Problem to work on
All entries below are to be duplicated verbatim.
%%
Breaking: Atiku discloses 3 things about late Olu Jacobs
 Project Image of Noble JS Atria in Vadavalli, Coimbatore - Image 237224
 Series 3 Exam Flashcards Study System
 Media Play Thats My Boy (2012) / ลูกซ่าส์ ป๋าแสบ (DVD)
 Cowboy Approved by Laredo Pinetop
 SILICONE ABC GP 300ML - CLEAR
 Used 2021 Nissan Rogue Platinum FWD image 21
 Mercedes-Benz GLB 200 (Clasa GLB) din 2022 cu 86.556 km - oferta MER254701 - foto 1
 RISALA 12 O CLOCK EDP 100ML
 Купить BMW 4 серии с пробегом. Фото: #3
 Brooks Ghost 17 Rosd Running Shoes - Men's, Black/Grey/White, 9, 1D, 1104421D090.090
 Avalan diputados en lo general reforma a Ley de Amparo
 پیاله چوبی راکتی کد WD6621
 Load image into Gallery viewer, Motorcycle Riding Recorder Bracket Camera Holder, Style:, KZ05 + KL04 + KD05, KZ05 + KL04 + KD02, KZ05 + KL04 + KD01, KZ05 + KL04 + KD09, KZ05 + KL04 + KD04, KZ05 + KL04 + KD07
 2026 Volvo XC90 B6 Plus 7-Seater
%%
Output of the task
Breaking: Atiku discloses 3 things about late Olu Jacobs
 Project Image of Noble JS Atria in Vadavalli, Coimbatore - Image 237224
 Series 3 Exam Flashcards Study System
 Media Play Thats My Boy (2012) / ลูกซ่าส์ ป๋าแสบ (DVD)
 Cowboy Approved by Laredo Pinetop
 SILICONE ABC GP 300ML - CLEAR
 Used 2021 Nissan Rogue Platinum FWD image 21
 Mercedes-Benz GLB 200 (Clasa GLB) din 2022 cu 86.556 km - oferta MER254701 - foto 1
 RISALA 12 O CLOCK EDP 100ML
 Купить BMW 4 серии с пробегом. Фото: #3
 Brooks Ghost 17 Rosd Running Shoes - Men's, Black/Grey/White, 9, 1D, 1104421D090.090
 Avalan diputados en lo general reforma a Ley de Amparo
 پیاله چوبی راکتی کد WD6621
 Load image into Gallery viewer, Motorcycle Riding Recorder Bracket Camera Holder, Style:, KZ05 + KL04 + KD05, KZ05 + KL04 + KD02, KZ05 + KL04 + KD01, KZ05 + KL04 + KD09, KZ05 + KL04 + KD04, KZ05 + KL04 + KD07
 2026 Volvo XC90 B6 Plus 7-Seater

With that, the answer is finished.